Numerical rank of the treatment information matrix.

assumptions

List of covariance, effect-size, and testing assumptions used.

Details

The calculation is based on the treatment information matrix $$ I_T = X_1^\intercal L_R X_1, $$ where \(X_1\) is the treatment indicator matrix and \(L_R\) is the covariance-adjusted projection matrix that removes nuisance effects: $$ L = \Sigma^{-1} - \Sigma^{-1} X_2 \left( X_2^\intercal \Sigma^{-1} X_2 \right)^{-1} \Sigma^{-1} $$ For a treatment contrast \(c^\intercal \tau\), the contrast standard error is computed from $$ \operatorname{SE}(c^\intercal \hat{\tau}) = \sqrt{\sigma^2 c^\intercal I_T^+ c}, $$ where \(I_T^+\) is the Moore-Penrose pseudoinverse of the treatment information matrix. The effect size delta is then converted into a noncentrality parameter, $$ \lambda = \frac{\delta}{\operatorname{SE}(c^\intercal \hat{\tau})}, $$ and power is calculated using a two-sided known-covariance Z-test approximation.

The spatial covariance parameters rho_row, rho_col, and sigma2 are treated as assumed planning values, not estimated from the data. The returned power is therefore conditional on the supplied covariance structure, the chosen effect size delta, and the significance level alpha.

Thus, you as the statistician must select four parameters based on previous trials, domain knowledge, or conservative assumptions:

\(\rho_{\text{row}}\)

AR1 row dependence parameter. How correlated are observations that are one row apart? This is hard to select, I would recommend testing multiple different values such as \(0.0\) for no dependence, \(0.3\) for moderate, and \(0.5\) for strong dependence, and reporting each.

\(\rho_{\text{col}}\)

AR1 column dependence parameter. How correlated are observations that are one column apart? This is hard to select, I would recommend testing multiple different values such as \(0.0\) for no dependence, \(0.3\) for moderate, and \(0.5\) for strong dependence, and reporting each.

\(\sigma^2\)

The residual variance. This should be based on previous similar experiments, or a conservative estimate. Underestimating \(\sigma^2\) will result in overstated power.

\(\delta\)

Detectable treatment difference. Choose \(\delta\) as the smallest treatment difference that would matter scientifically, agronomically, commercially, etc. So if yield differences of less than \(0.1\) t/ha are not important to the farmer, then use \(\delta = 0.1\).
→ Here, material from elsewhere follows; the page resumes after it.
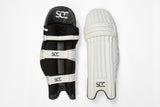 SCC Assassin Pro Batting Leg Guards '26/27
Otherwise, test multiple deltas and report the power of each of them.

Examples

if (FALSE) { # \dontrun{
# RCBD
df <- data.frame(
    row = rep(1:6, each = 4),
    col = rep(1:4, times = 6),
    treatment = rep(LETTERS[1:8], 3),
    block = rep(1:3, each = 8)
)

# Optimise while respecting blocks
result <- speed::speed(df,
    "treatment",
    swap_within = "block",
    iterations = 5000,
    seed = 42
)

## test on latin square
latinsquare <- data.frame(
    row = rep(1:4, each = 4),
    col = rep(1:4, times = 4),
    treatment = c(
        "A", "B", "C", "D",
        "B", "C", "D", "A",
        "C", "D", "A", "B",
        "D", "A", "B", "C"
    )
)

res_power <- design_power(
    design = latinsquare,
    treatment_cols = "treatment",
    row_col = "row",
    column_col = "col",
    block_col = NULL,
    rho_row = 0.3,
    rho_col = 0.3,
    sigma2 = 1,
    delta = 1,
    alpha = 0.05
)
} # }